Sad and alone, I slumped on my couch immersed in my zero phone messages. To be specific, I was sitting on my parents’ new brown couch.
I went on Tinder. I don’t do well with online dating where a photo makes or breaks your opportunities. I have a smile that looks forced and ears that could tune in to Sirius XM. My selfies once got compared to the McDonald’s value menu. (I accept that as a compliment befitting my love for Junior Chickens.)
A bad picture means your bio needs to be so fabulous that prospective dates forget about your appearance long enough to swipe right and say, “Aw shit.”
Mine reads, “Don’t let the photos fool you, I’m much more underwhelming in person.” One year of stand-up comedy and 10 years of rejection have taught me that.
Suddenly, my phone buzzed. “Congratulations! You got a new match,” the banner read.
Her name was Sabrina. She had blue hair, blue eyes, blue eyeliner and a blue shirt. All that was missing was, “Da-ba-dee da-ba-die.”
I messaged her first. Millennial chivalry.
Matching is a two-step process. You need to have a clever one-liner ready right away because the hardest part is getting a reply.
“I’m going to Sobeys. Want anything?” I typed, borrowing from Aziz Ansari’s Master of None, wittily adapted to my small Maritime city of Fredericton. The original line was: “I’m going to Whole Foods. Want anything?” Now Sobeys is no Whole Foods, but then again, I’m no alleged sexual predator.
I hoped it would make her giggle enough to think that I’m more than a guy who looks like he enjoys an all-you-can-eat Chinese buffet.
“Haha, good line. What’s up?” Sabrina replied.
Silently, I thanked Mr. Ansari, and carried on.
“Not too much,” I said, “Wondering what to do now. Never gotten this far.”
My sparkling repartee shows how great I am with words. At least my mom thinks so. “You are an escape artist with the English language,” she said when I was growing up. “You always managed to get out of doing the dishes.” (I always fussed loudly about my eczema flaring up in the soapy water. My four dishwashing siblings resented my rhetorical genius.)
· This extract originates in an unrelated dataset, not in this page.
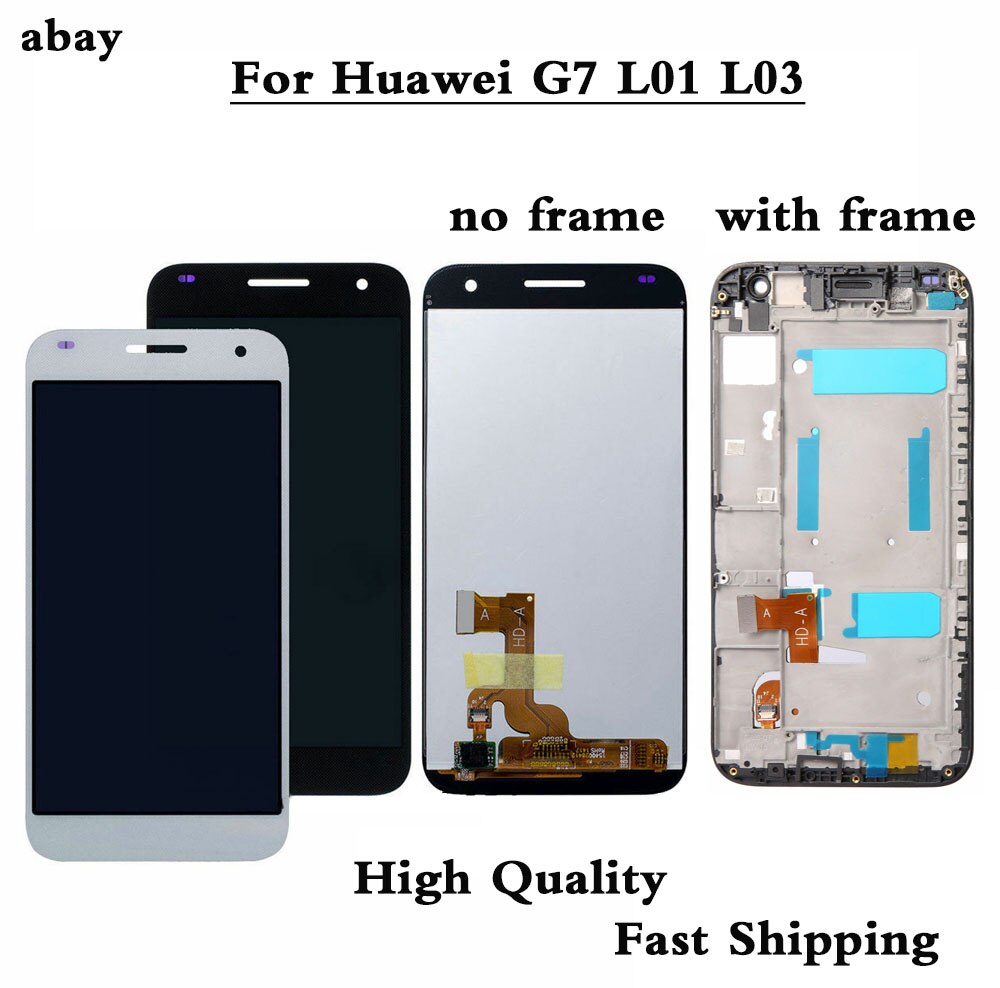5.5 "Full Lcd Touch Screen Frame Voor Huawei Ascend G7 Lcd Beeldscherm G7-I01 G7-I03 L01 Vervanging onderdelen
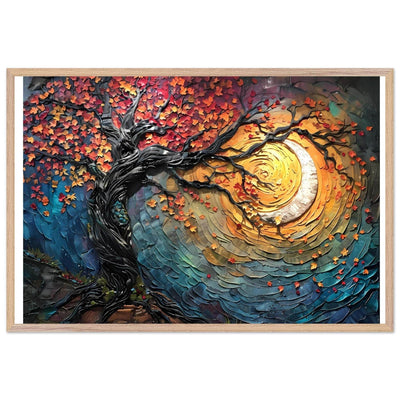 Impasto Style Autumn Tree of Life Poster - Vibrantwalls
Now, my idea of a first date is coffee or dinner. I’m not into two hours of texting, the equivalent of 15 minutes of in-person talk. I only need five to put my foot in my mouth.
“Well, I’m not really looking to chat,” said Sabrina, with a winking face emoji. “But I have a proposition.”
I had a pretty good idea of where this was going, but I didn’t want to say anything and turn into Aziz Ansari.
“What’s that?” I asked, feigning innocence.
Sabrina said she was lonely. “I’m looking for something with no strings attached, one and done, and you’ll never hear from me again.”
As I was crafting a message politely declining a one-night stand, another message popped up.
“I just want you to get me pregnant.” Oh. She’s the sexual predator.
“…’Scuse,” was all the eloquence I could muster.
When I’m lonely, I buy a pizza and watch Netflix.
Still, I was mildly flattered. Not only did she think I’m attractive, she thought I’m attractive enough to make a cute kid. Everyone can be a Big Mac to the right person.
Then I looked at my parent’s new brown sofa. I think my siblings were all conceived on its predecessor. My parents wouldn’t be pleased if I deflowered the new one. (Note: It’s not a floral couch.)
“I’m flattered, but that’s not something I’m interested in,” I said carefully.
“That’s fine,” she said. “You’re ugly anyway.”